Like a good, dutiful husband, Dan endured the bath. It was recommended that during the first 20 minutes the impurities are released and the last 20 allow your body to absorb the minerals/nutrients. He made it 30; I thought that was admirable. He essentially slept the rest of the night, but went to work the next day and seems to be quite on the mend. We might have to keep this in our regular rotation.

Day 3 - DST

Day 3: I'm thankful for falling asleep to rain. I live in Tucson, AZ, so this is a rare treasure especially in November.
I am also thankful for the time change. AZ doesn't observe daylight savings time: with today's change, I'm now an hour closer to our loved ones in the Midwest!

On Saturday night, about 11, I noticed that it sounded like rain. I thought this strange because we live in Tucson and earlier in the week the weather-lady had said we'd have a drier than average fall and winter. Yet, here it was: rain. I was so excited.

Dan was sick and essentially passed out on the couch. I said, "Dan! It's raining!" He murmered, "SO? Who cares?!" Ah, sick-sleep-talk...sometimes, it's not very understanding.

The rest of the US celebrated on Sunday with an extra-hour of sleep. In Arizona, we don't get the extra hour because we don't observe daylight savings time. I've heard that it's because we get enough sun as it is, here. TRUE THAT. I celebrated that now I only have to imagine what my Iowa friends/family might be doing an hour ahead before calling, and our Michigan family/friends ahead two hours. I don't know why but it feels far less bothersome/intrusive to call someone knowing we're "basically" on the same time frame - instead of being so far ahead.

[That last statement shows just how much of a "P" I am on the Myers-Briggs personality scale. No "J" would ever dare to say that an hour, or even two hours, ahead/behind could be considered 'the same time.']

Day 2: Reconciliation

Day 2: I'm thankful for the act of reconciliation. Thanks, Jesus.

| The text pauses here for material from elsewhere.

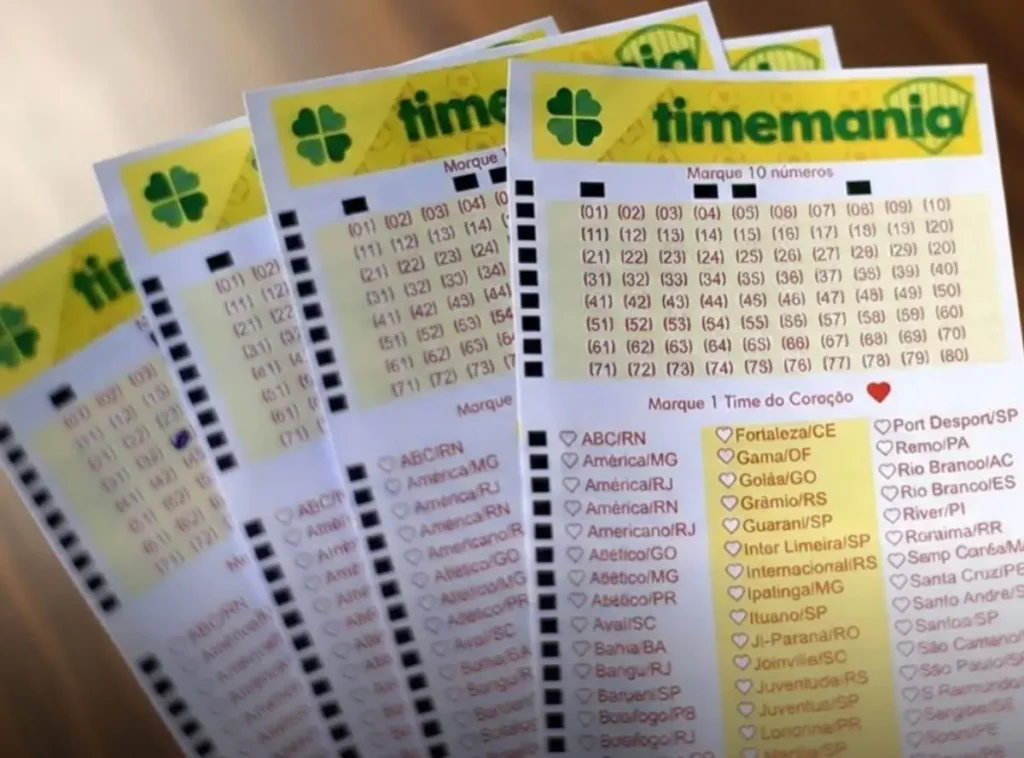 Timemania 2430 acumula: Ninguém cravou as 7 dezenas e prêmio sobe para R$ 9,30 milhões 12 Quatro volantes de apostas da Timemania em leque sobre uma mesa de madeira escura com iluminação clara e nítida.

Today, I let my freak-flag fly (by that, I mean my Catholic flag). I have much more to say about the experience and just how thankful I am, but today, I will leave it at this.

Month of Thanks - Day 1

I need help with being more grateful. The best way to do that? Practice being grateful by calling to mind blessings each day. On Facebook, I'm 'attending' the 2nd annual Blessed Turkey project, where I record each day's thanks. I decided that on here, I would expound upon my daily posts.

Day 1: Today I am blessed to have a husband who recognizes my strengths. Dan connected me with a grad student who needed to observe university instructors teach lessons. It was such fun to share my philosophy of learning/teaching, even when guest lecturing!

The back story: A former Animal Sciences student, now an Ag Ed grad student, contacted Dan needing to observe some university instructors. He is currently going through reasons with his students, so while, it might be helpful for the students to have another listening ear - it wouldn't really help her with her project. So, he connected her with me. Similarly, in my classes, my 'lectures' for the year are basically behind me. I invited her to observe one of my guest lectures in a colleague's class.

It really was a lot of fun after the class to disseminate why I approached the topic the way I did, why it's very important to me to include activities that can be reflected upon, and then connect the activity to the topic. I truly love experiential learning...and seek to incorporate its elements into all my classes. I want my students to become LEARNERS - not consumers of information. This is the best way I know. This is why I am also thankful for my ag ed roots - not only from the classroom (undergrad & grad education), but for the experiences that led me there (4-H and FFA).